BEGIN SOURCE MATERIAL
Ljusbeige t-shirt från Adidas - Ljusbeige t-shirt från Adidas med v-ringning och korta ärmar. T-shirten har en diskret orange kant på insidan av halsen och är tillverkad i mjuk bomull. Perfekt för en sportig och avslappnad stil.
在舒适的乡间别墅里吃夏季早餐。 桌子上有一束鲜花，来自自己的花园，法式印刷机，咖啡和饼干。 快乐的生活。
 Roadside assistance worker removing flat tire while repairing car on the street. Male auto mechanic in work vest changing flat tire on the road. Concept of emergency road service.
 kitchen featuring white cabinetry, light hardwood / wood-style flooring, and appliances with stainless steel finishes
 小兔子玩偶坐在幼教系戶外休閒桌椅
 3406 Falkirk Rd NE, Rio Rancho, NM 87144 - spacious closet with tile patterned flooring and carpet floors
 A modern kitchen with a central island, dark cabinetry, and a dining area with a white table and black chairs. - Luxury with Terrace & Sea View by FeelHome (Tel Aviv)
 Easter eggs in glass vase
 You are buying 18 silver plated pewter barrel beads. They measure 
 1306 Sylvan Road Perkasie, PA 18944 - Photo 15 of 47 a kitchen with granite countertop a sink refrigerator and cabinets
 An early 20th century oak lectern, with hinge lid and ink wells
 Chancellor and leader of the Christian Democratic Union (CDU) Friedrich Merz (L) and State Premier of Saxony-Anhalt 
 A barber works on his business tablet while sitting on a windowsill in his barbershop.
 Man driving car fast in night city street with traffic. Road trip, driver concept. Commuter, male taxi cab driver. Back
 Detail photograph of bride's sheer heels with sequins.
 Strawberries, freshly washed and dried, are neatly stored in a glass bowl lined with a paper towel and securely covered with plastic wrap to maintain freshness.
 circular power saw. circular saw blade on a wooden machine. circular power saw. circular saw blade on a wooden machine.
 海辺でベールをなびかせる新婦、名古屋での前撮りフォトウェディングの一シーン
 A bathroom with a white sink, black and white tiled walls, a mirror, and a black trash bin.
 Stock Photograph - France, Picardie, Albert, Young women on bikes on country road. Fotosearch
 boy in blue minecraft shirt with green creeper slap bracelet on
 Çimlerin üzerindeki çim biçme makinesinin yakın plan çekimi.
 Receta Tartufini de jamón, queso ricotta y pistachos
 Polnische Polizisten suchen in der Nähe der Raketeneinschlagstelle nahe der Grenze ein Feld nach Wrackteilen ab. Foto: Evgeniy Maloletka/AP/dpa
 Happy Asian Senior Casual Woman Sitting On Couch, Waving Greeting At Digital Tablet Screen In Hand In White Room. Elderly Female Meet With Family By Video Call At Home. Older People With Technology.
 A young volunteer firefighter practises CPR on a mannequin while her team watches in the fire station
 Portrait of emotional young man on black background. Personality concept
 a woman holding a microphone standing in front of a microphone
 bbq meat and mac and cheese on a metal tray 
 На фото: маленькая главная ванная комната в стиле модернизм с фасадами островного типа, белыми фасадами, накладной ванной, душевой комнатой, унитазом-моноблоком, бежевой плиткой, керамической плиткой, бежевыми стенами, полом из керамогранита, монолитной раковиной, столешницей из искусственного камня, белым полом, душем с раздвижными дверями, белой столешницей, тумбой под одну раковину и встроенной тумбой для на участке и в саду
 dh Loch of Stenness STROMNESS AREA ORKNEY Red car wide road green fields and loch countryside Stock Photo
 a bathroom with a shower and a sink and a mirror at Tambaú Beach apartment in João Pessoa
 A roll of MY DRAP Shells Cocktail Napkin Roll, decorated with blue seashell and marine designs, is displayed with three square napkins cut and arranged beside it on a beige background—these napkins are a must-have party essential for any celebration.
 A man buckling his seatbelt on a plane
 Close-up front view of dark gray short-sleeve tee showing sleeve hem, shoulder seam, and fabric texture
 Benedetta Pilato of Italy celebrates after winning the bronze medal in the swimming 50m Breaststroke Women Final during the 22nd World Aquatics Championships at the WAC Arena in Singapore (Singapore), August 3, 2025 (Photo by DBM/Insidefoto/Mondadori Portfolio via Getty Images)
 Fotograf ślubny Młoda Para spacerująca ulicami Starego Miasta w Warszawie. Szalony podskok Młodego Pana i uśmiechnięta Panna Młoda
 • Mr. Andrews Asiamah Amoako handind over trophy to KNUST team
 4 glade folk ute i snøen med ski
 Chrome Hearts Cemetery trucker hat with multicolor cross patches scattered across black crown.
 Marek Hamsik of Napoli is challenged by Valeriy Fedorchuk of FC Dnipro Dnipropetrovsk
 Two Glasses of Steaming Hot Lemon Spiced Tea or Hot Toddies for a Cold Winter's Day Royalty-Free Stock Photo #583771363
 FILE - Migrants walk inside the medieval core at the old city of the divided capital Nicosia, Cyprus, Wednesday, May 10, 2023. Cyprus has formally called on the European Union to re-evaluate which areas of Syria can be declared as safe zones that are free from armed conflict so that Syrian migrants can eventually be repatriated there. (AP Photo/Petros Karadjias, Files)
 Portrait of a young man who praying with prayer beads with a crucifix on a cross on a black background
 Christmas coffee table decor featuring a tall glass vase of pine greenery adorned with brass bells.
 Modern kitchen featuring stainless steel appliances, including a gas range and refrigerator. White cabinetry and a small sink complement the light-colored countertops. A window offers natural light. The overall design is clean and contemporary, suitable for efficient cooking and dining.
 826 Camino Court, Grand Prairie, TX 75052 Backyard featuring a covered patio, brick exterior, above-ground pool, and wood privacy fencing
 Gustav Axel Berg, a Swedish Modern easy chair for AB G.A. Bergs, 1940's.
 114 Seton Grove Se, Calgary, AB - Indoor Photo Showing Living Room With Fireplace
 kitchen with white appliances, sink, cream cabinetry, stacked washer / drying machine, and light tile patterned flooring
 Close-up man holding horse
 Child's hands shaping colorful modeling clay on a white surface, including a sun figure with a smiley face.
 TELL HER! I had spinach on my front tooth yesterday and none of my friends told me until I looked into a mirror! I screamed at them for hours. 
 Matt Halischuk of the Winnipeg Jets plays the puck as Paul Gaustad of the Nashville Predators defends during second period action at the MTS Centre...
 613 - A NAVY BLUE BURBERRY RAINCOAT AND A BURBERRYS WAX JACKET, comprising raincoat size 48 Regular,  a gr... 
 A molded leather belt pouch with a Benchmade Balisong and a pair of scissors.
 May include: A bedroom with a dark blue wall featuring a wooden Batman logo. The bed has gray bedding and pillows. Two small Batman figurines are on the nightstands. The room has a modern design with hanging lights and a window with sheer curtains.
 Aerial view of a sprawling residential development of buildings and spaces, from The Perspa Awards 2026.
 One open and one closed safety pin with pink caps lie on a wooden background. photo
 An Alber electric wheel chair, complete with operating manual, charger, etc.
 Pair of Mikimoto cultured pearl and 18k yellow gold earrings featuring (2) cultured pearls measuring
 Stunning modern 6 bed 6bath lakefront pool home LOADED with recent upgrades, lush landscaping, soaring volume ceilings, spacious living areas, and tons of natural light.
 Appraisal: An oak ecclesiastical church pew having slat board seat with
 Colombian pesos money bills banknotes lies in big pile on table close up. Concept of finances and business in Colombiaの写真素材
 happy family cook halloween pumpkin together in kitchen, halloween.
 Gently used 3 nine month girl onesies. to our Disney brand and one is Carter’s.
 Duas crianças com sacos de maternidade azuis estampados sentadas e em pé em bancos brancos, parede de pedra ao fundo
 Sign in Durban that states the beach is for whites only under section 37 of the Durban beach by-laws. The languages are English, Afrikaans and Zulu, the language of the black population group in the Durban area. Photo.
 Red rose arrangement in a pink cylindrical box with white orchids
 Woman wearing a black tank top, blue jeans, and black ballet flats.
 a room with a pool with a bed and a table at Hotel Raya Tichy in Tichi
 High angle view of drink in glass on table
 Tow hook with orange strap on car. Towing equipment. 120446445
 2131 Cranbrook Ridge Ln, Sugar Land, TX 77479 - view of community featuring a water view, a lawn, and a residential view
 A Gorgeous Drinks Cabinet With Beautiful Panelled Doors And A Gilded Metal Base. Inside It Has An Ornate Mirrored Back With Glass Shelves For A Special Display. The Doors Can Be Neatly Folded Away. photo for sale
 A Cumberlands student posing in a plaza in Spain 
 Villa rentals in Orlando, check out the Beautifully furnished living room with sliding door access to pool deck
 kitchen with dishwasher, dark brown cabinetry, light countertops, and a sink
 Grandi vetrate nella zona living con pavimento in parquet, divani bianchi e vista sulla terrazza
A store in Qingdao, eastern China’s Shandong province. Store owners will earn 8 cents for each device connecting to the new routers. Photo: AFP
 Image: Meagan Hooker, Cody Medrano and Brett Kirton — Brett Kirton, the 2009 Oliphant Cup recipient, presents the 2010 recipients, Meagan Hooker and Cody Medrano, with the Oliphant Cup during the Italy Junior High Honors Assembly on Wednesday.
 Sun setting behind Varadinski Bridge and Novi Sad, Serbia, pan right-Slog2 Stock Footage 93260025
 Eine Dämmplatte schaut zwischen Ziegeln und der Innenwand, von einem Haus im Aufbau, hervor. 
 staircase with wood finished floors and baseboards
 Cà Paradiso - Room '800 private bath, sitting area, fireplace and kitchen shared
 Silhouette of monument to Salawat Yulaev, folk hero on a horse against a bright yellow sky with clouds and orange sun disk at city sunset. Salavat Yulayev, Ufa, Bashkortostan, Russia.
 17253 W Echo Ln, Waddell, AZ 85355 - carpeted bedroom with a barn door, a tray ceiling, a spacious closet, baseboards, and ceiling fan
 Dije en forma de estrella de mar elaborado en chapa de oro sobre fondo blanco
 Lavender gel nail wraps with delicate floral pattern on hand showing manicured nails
END SOURCE MATERIAL
## THE TASK
Beginning with the first line of the entries, repeat each line exactly until you have reproduced the one containing "在舒适的乡间别墅里吃夏季早餐。 桌子上有一束鲜花，来自自己的花园，法式印刷机，咖啡和饼干。 快乐的生活。", and add nothing further.

## SOLUTION TO THE PROBLEM
Ljusbeige t-shirt från Adidas - Ljusbeige t-shirt från Adidas med v-ringning och korta ärmar. T-shirten har en diskret orange kant på insidan av halsen och är tillverkad i mjuk bomull. Perfekt för en sportig och avslappnad stil.
在舒适的乡间别墅里吃夏季早餐。 桌子上有一束鲜花，来自自己的花园，法式印刷机，咖啡和饼干。 快乐的生活。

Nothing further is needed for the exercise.